Task requirements
Your answer must consist of the records exactly as given, with no pictures included.

Image-caption web data
>>>

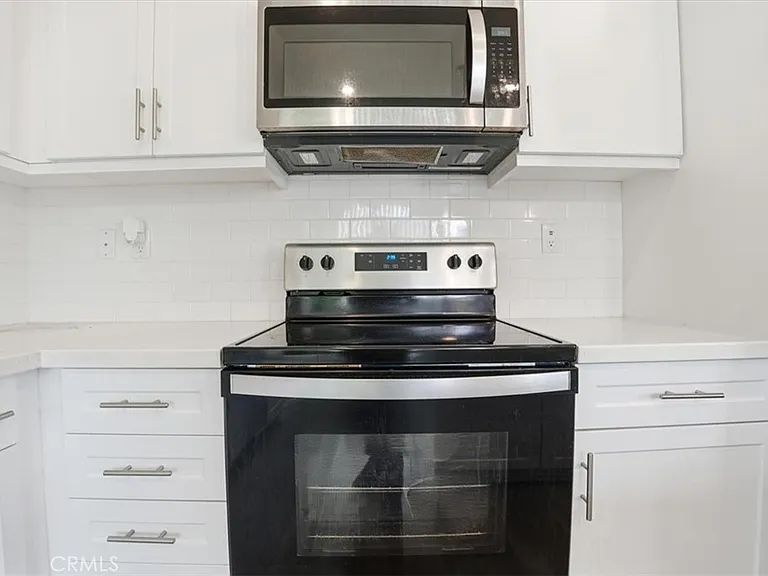 556 Enzo St — Photo 15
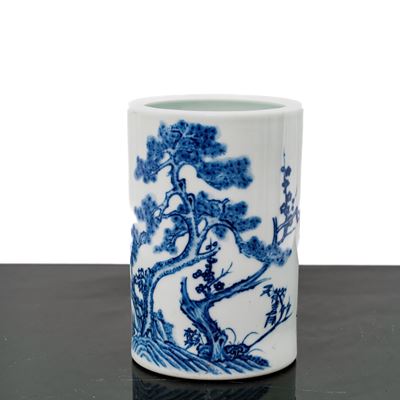 Vaso Cilindrico in Porcellana Bianca e Blu
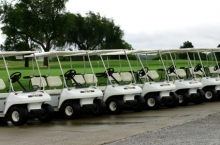 Voiturettes de golf cart enlignées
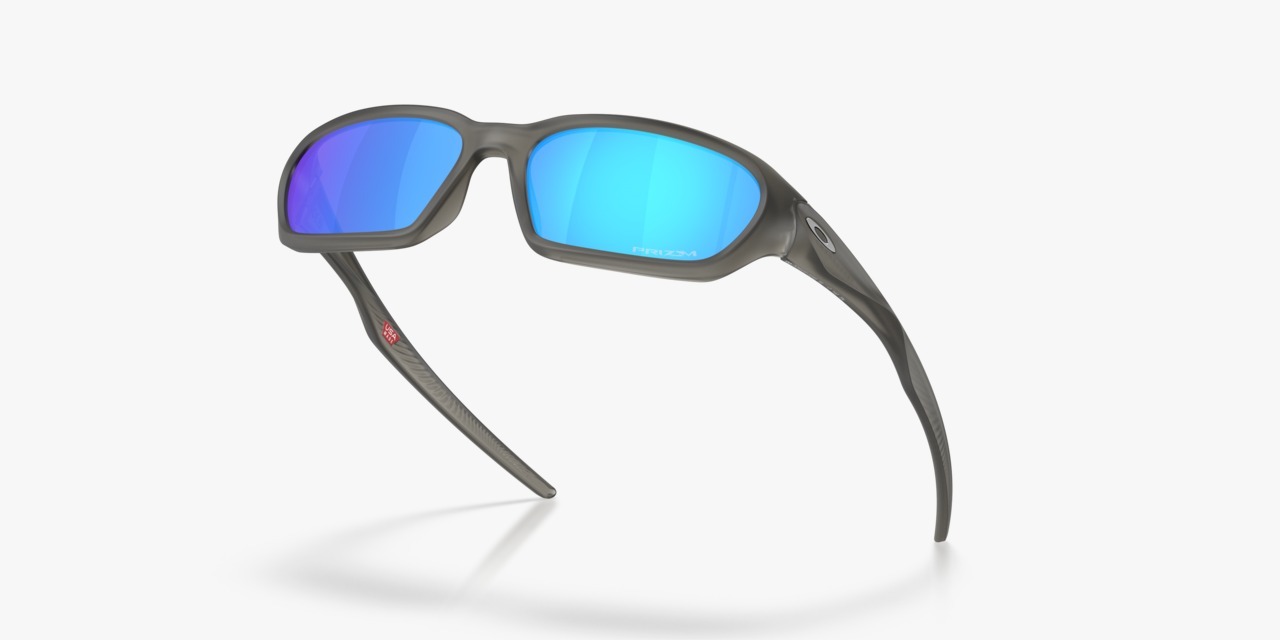 משקפי שמש OAKLEY OO9530-0258 4 משקפי שמש OAKLEY OO9530-0258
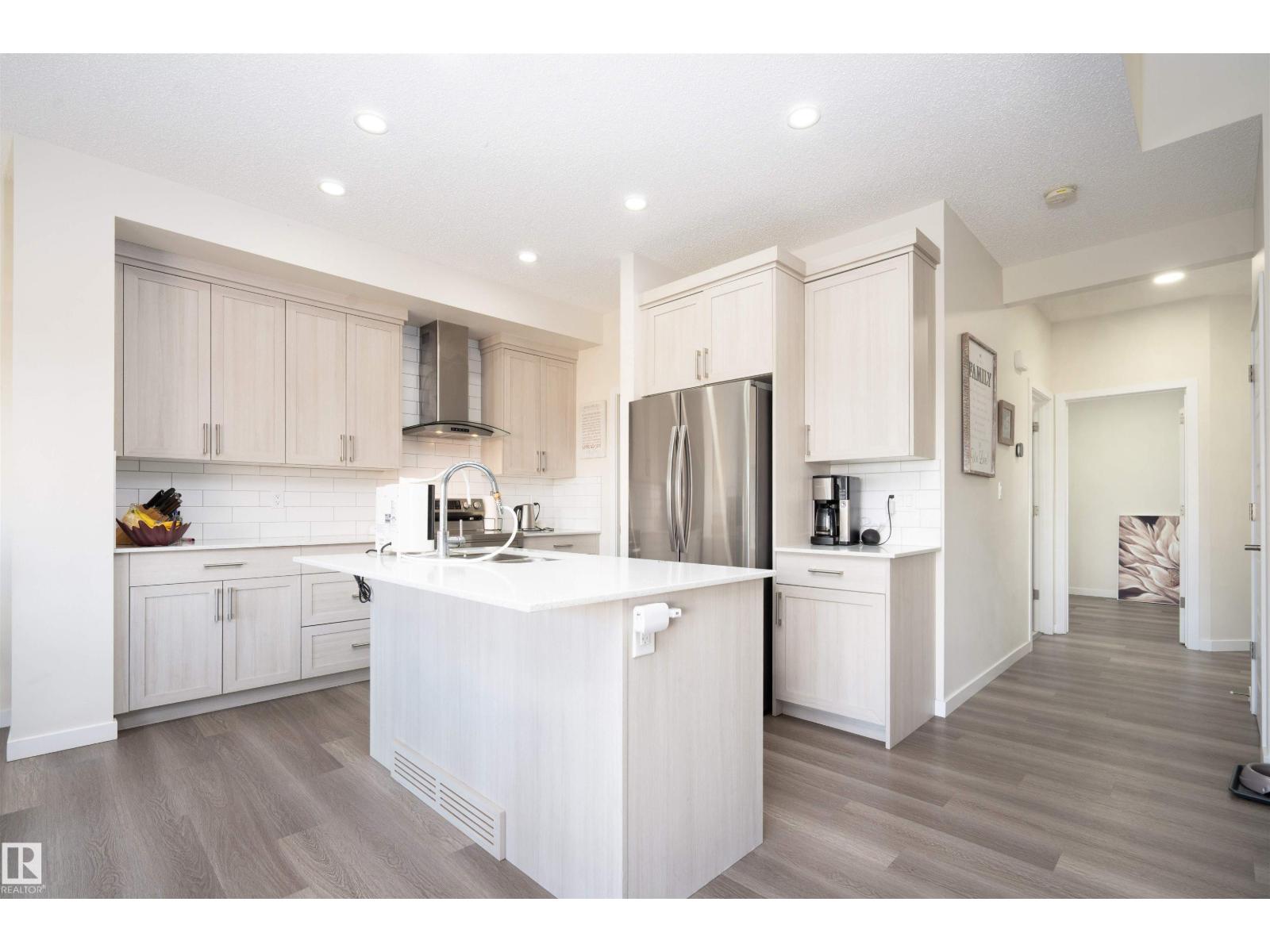 1491 Plum Circle Ci Sw, Edmonton, Alberta  T6X 3A7 - Photo 9 - E4464584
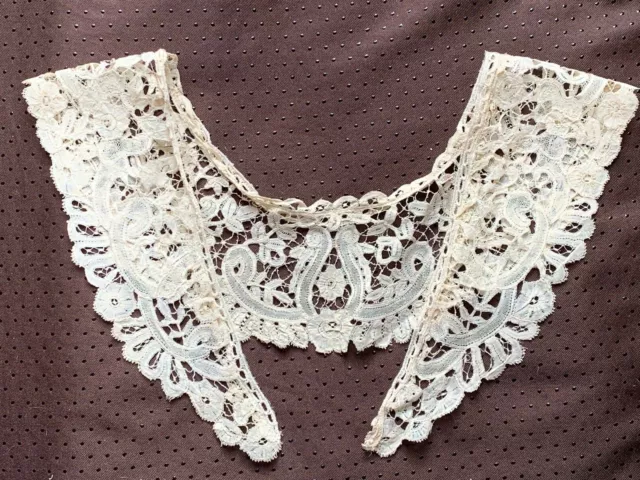 Gorgeous antique Bruges Lace Ladies collar - Needle work - 97cm by 10cm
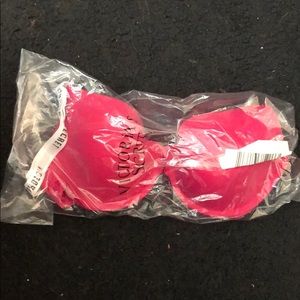 Victoria’s Secret bra 34C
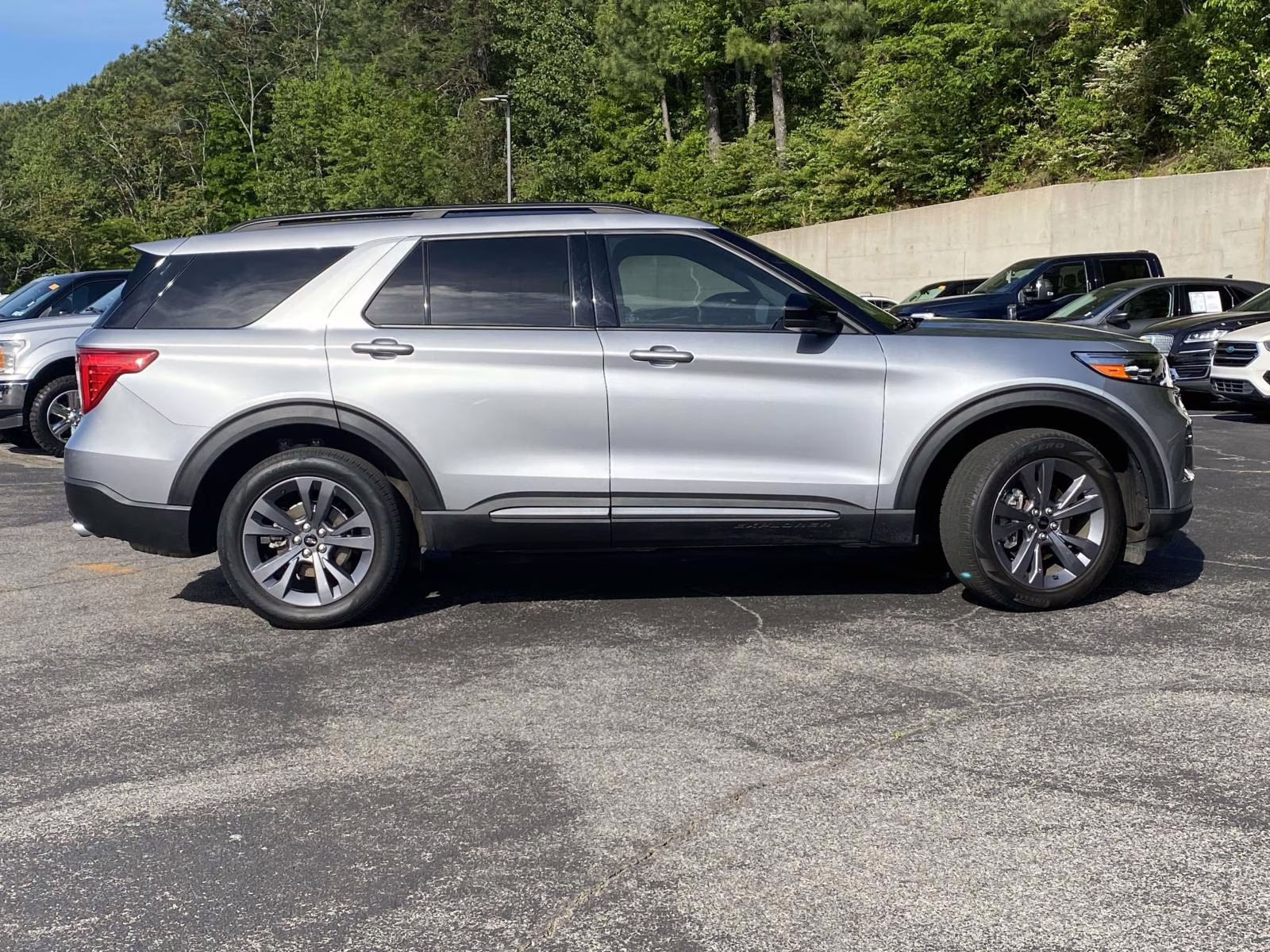 2023 Iconic Silver Metallic Ford Explorer XLT RWD SUV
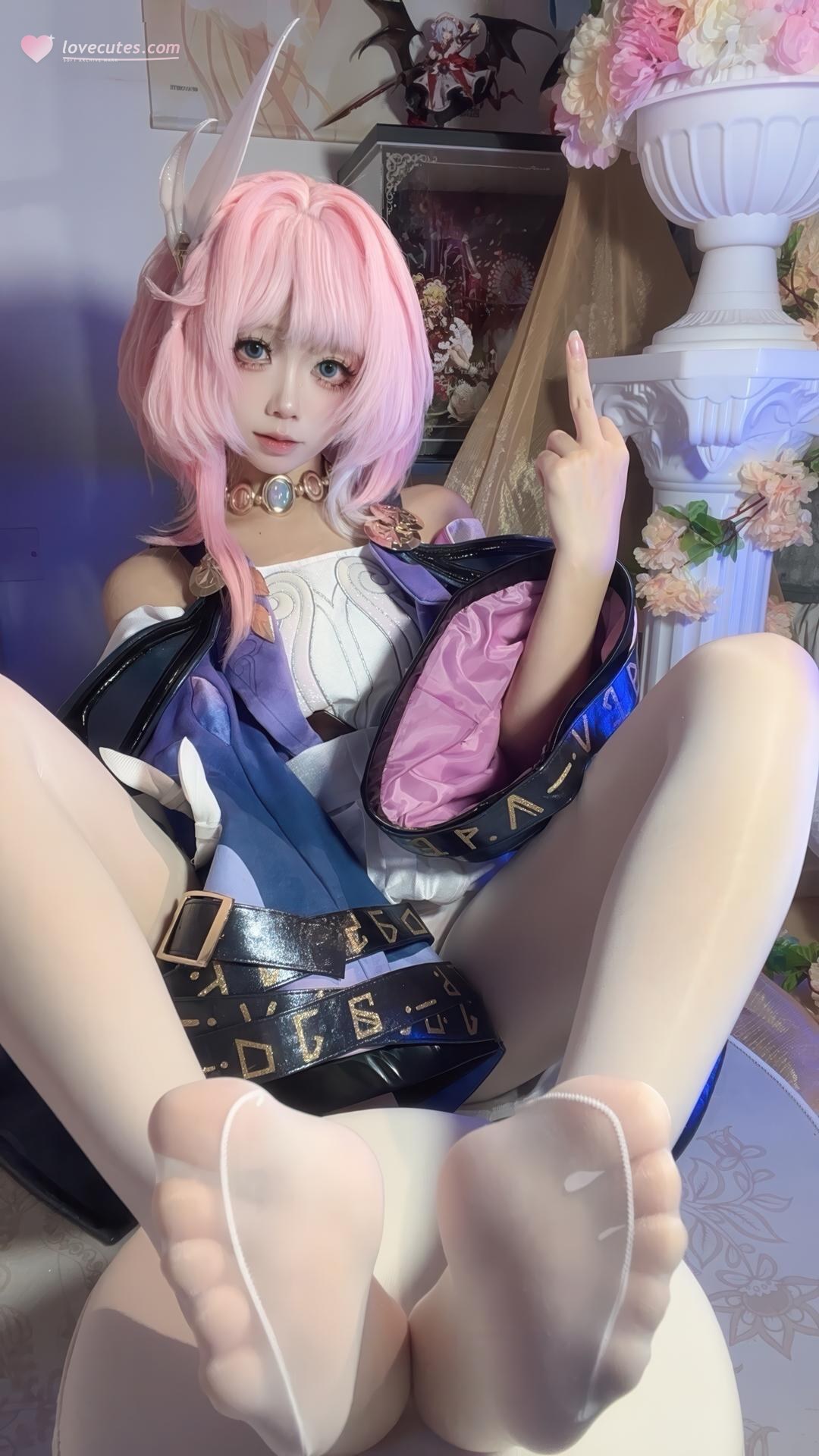 [cosplay] 白栎Shirly - 昔涟：ผมชมพู ชุดฟังก์ชันนัล ถุงน่องขาว ขาเรียวเหมือนตัวละคร 130P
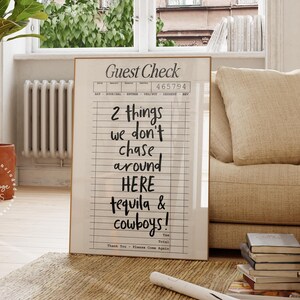 Gość Check Chef Tequila & Cowboys Print, Nowoczesna sztuka ścienna do kuchni, Modny plakat do jadalni, Sztuka wózka barowego z alkoholem, Zabawny prezent dla gości Check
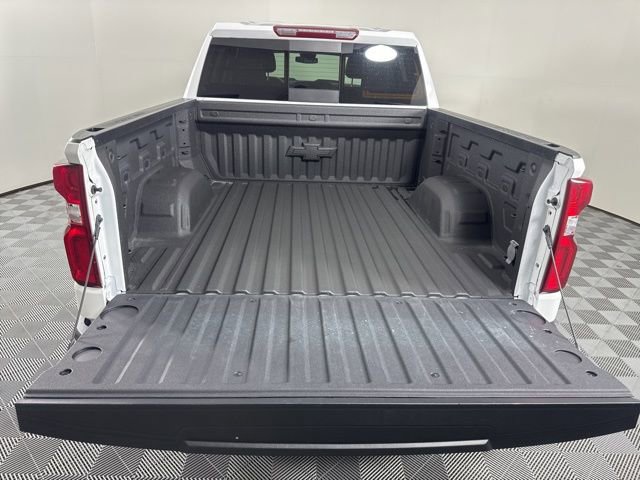 Used 2024 Chevrolet Silverado 1500 LT Trail Boss w/ Convenience Package II AWD/4WD image 11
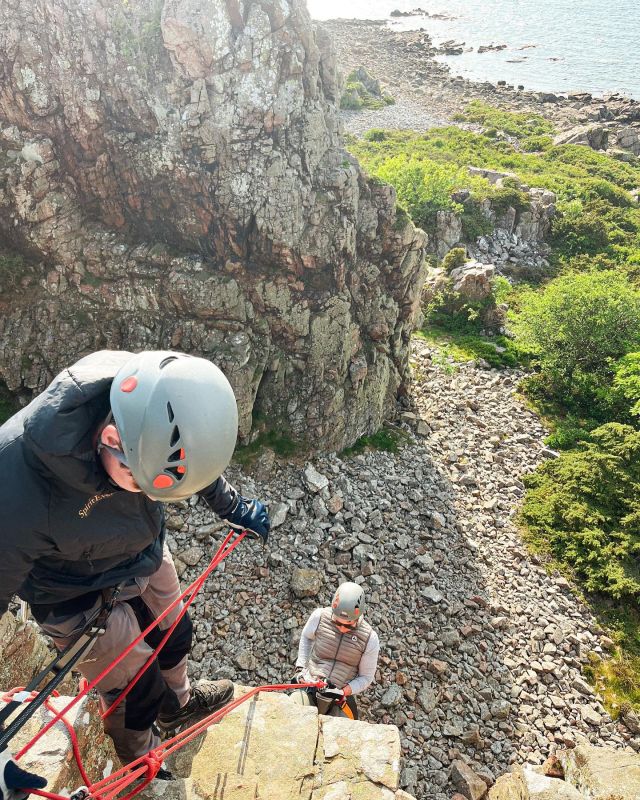 Vi tackar gårdagens våghalsar från @3shape för trevligt kvällshäng på klippan 🧗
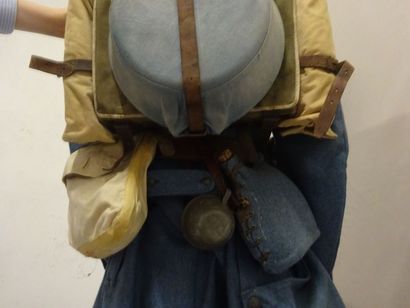 Mannequin d'un soldat d'Infanterie bleue...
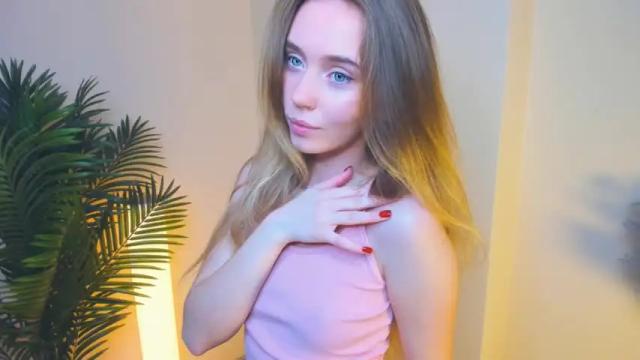 Image 4 of katrin_tangerine Stream on Chaturbate on 12 months ago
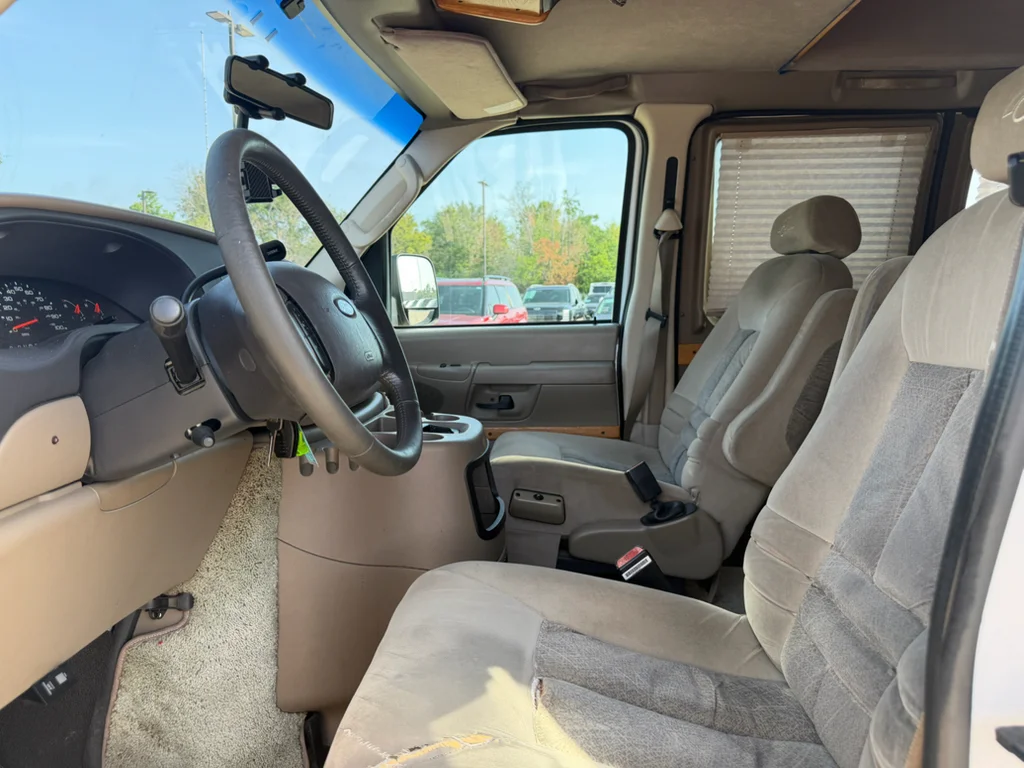 Used 2004 Oxford White Clearcoat Ford Recreational image 10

<<<

Answer to this problem
 556 Enzo St — Photo 15
 Vaso Cilindrico in Porcellana Bianca e Blu
 Voiturettes de golf cart enlignées
 משקפי שמש OAKLEY OO9530-0258 4 משקפי שמש OAKLEY OO9530-0258
 1491 Plum Circle Ci Sw, Edmonton, Alberta  T6X 3A7 - Photo 9 - E4464584
 Gorgeous antique Bruges Lace Ladies collar - Needle work - 97cm by 10cm
 Victoria’s Secret bra 34C
 2023 Iconic Silver Metallic Ford Explorer XLT RWD SUV
 [cosplay] 白栎Shirly - 昔涟：ผมชมพู ชุดฟังก์ชันนัล ถุงน่องขาว ขาเรียวเหมือนตัวละคร 130P
 Gość Check Chef Tequila & Cowboys Print, Nowoczesna sztuka ścienna do kuchni, Modny plakat do jadalni, Sztuka wózka barowego z alkoholem, Zabawny prezent dla gości Check
 Used 2024 Chevrolet Silverado 1500 LT Trail Boss w/ Convenience Package II AWD/4WD image 11
 Vi tackar gårdagens våghalsar från @3shape för trevligt kvällshäng på klippan 🧗
 Mannequin d'un soldat d'Infanterie bleue...
 Image 4 of katrin_tangerine Stream on Chaturbate on 12 months ago
 Used 2004 Oxford White Clearcoat Ford Recreational image 10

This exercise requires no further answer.